You want to sell your own piece of digital art, let’s make some money with NFT, shall we? Before you go all gaga, you should know that while the marketplaces will allow you to create an NFT for free, there is again that unpleasant ‘gas’ fee involved if you are looking to sell it in most of the marketplaces (and obviously you want to sell it because why else will you want to make it). Unfortunately for you, even paying this fee does not give one hundred percent guarantee that your transfer will be successful. I know, what a shame. Do you at least get your money back if it doesn’t go through? No. Oops.
However, I do have two words that will make you happy — ‘lazy minting’. This basically means that the NFT is not actually saved in the blockchain as long as it has not been bought. At the time of purchase the fee is deducted from the transaction. Isn’t that a relief! Marketplaces OpenSea and Rarible both use this ‘lazy minting’ technique.
Next step is to select a marketplace to create and sell your NFT. You are risk averse and don’t want your money lost in transactions (obviously!). You also do not want to end up in a situation where you have spent money to set up your NFT that no one eventually buys! So now your choices are down to OpenSea and Rarible.
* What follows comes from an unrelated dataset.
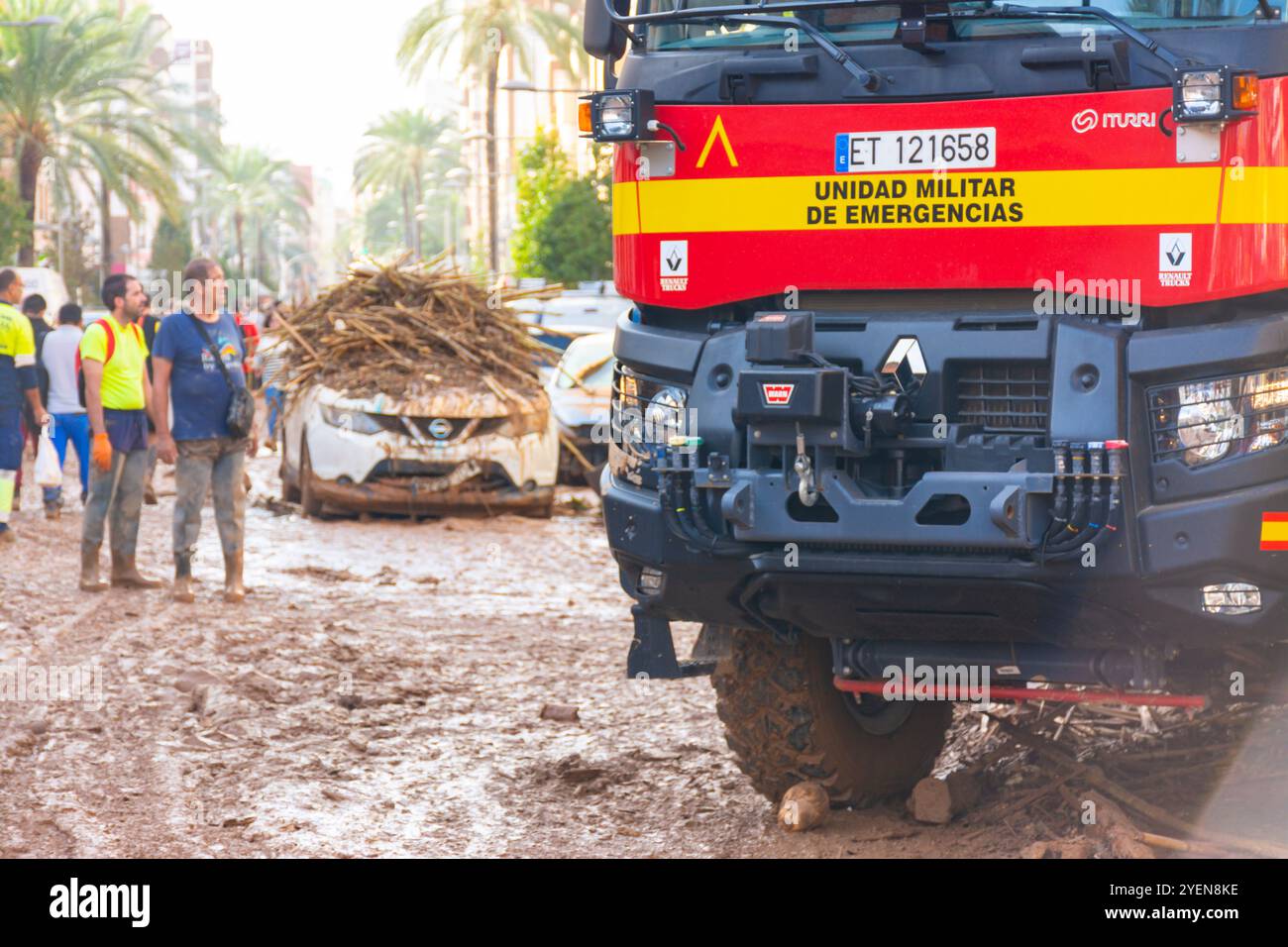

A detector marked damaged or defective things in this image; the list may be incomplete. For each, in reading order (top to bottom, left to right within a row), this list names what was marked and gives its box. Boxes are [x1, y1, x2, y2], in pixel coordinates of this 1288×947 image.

However, OpenSea has a one time fee (between 200 and 300 dollars) to set up your account and Rarible does not. Rarible has a fee (between 20 and 30 dollars) if you try to remove your NFT from sale. Rarible seems like the safest and cheapest option to you. But wait — there is no free lunch in life. Both these marketplaces will take a certain percentage of the money you make (which is only fair, right?)
Let’s say you have chosen Rarible. Next you will have to create your crypto wallet to this marketplace. If you don’t already have one, hurry! Once your crypto wallet is created you simply need to upload your file (that you want to make an NFT of) and basically wait for someone to fall in love with your art. I wish you all the very best.
That’s it! Was nice meeting you! See you later!
The Washington Post published an article titled, ‘Will NFTs transform the art world? Are they even art?’. Among many things, NFTs have provided an even playing field for artists. Anyone with talent can put up their art and profit from it. So to The Post, I say ‘yes, and yes’. What a bunch of snooty people. There is no reason why art can’t be digital. Some might argue ‘you can’t touch it’. Well, you can’t touch the Mona Lisa either, yet here we are. In case I haven’t been successful in answering all your questions about NFT, worry not. Even NFT experts don’t have it all figured out. It is a budding concept at its nascent stages. You will get there!